The task force also investigated the disappearance in 2010 of Abdulbasir Faizi, an Afghan who immigrated to Canada from Iran and frequented gay bars. A relative said Faizi hid the fact that he was gay from his family.

“Police were so convinced that he just decided to leave and start another life. It made the family pretty convinced that that was the case as well,” said a relative. “Nobody really looked for him.”

Kinsman, on the other hand, had search parties and scores of friends looking for him when he went missing in late June. A former bartender, he was a long-term volunteer at the Toronto People with AIDS Foundation. Friends and family suspected he was dead when they gained access to his apartment two days after he went missing.

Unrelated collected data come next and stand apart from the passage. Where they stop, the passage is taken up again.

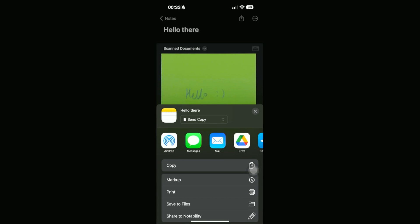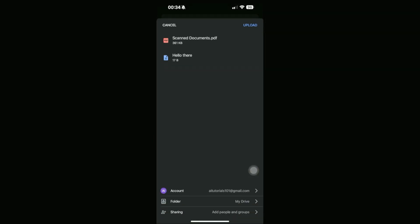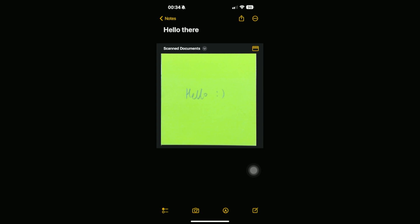Choose Google Drive or any form of cloud service that you want, and then this will show you which documents will be uploaded. I do have this Hello There iPhone note right here, and I also have the scan documents which is in PDF form. Go ahead and choose the folder that you want to upload this to, and then just click on Upload right here. That would upload it into your Drive.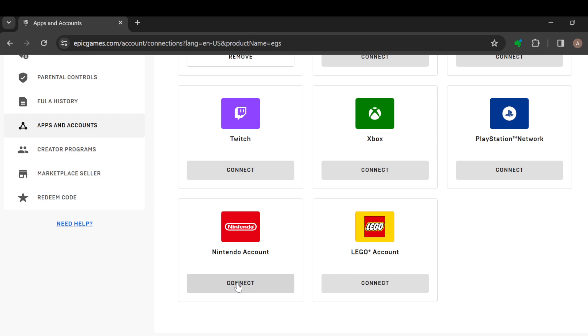You just tap on it. Once you click on Remove, a window will pop up on your screen asking you if you're sure that you want to remove Nintendo Account. Select yes, and just like that, Nintendo Account will be unlinked from your Epic Games account. It is very simple.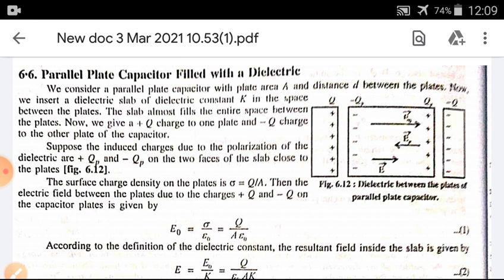Suppose the induced charges due to the polarization of the dielectric are plus QP and minus QP, where P stands for polarization, on the two faces of the slab close to the plates, as seen in the figure.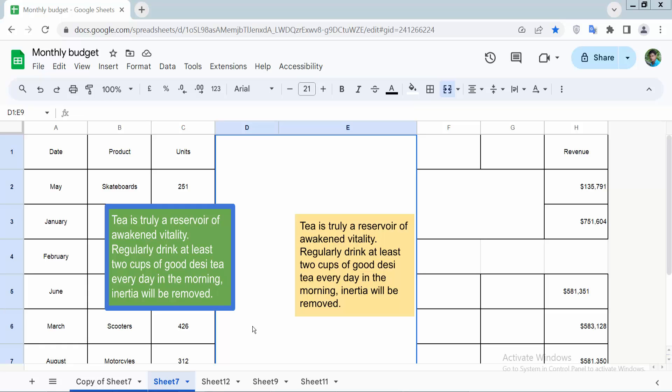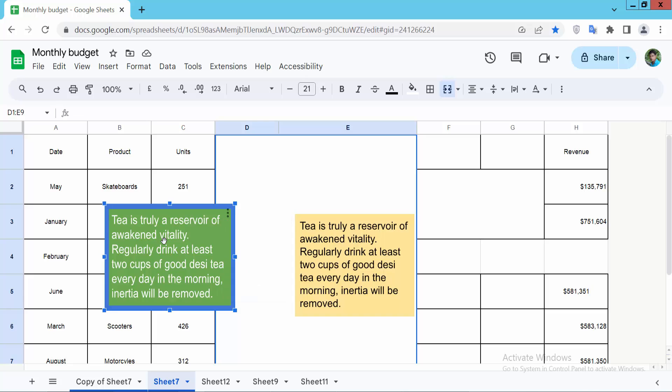Hello everyone, today I'll show you how to duplicate a text box in Google Sheets. Open your Google Sheet. Now I'll duplicate this text box. Click the three dot option or double click on the text box, and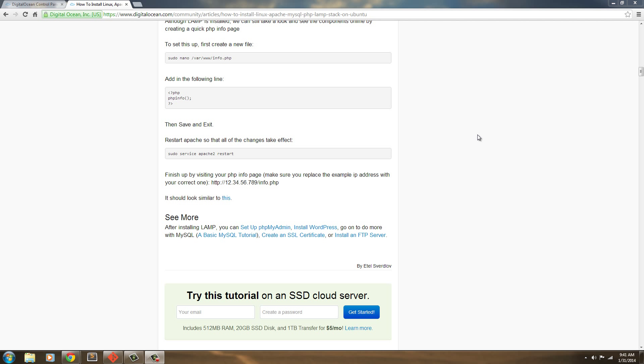Hi everybody, welcome back. In our last video, we installed MySQL and PHP onto our Ubuntu server. So, let's go ahead and install phpMyAdmin.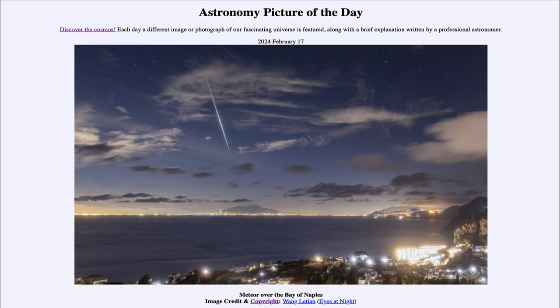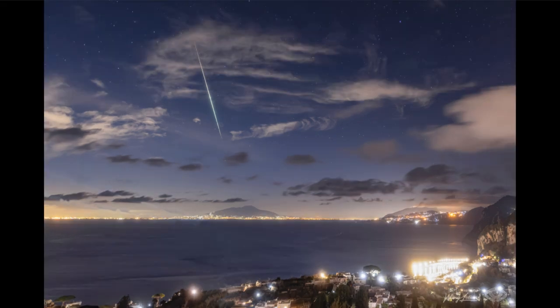So what do we see here? We see a meteor in the sky — that long streak — which is actually just a tiny bit of material, a bit of dust or a grain of sand, that is being vaporized in Earth's upper atmosphere.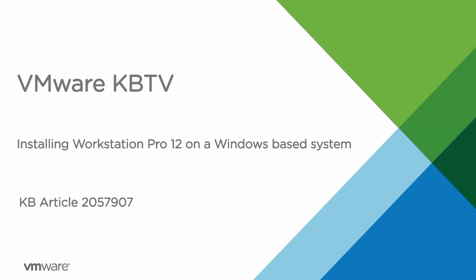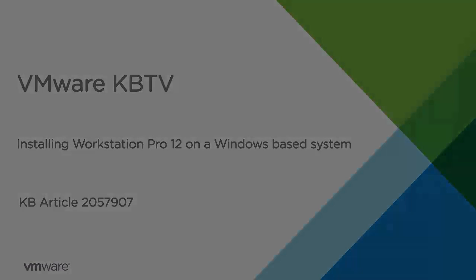In this video, we will take a quick look at how to install VMware Workstation Pro 12 on a Windows host.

“He would never leave his cat. He would never shirk his duties. He didn't take the garbage out on Wednesday so I knew at that point,” his sister, Patricia Kinsman, said.

Police said Kinsman had a sexual relationship with Mr McArthur.

Todd Healey, a former roommate and colleague said: “It baffles me to think that Bruce could think he could get away with it. If Bruce is predominantly attacking marginalised people, then Andrew is obviously a mistake or he is tripping up because he wants to get caught.”

Mr McArthur is due back in court later this week.

Mr Vijayanathan says police didn't get anywhere in their investigations until Mr Kinsman, a prominent white man in the community, went missing. “Until that point, all the South Asian men that went missing kind of fell by the wayside and nobody paid attention until something happened in the white community,” he said.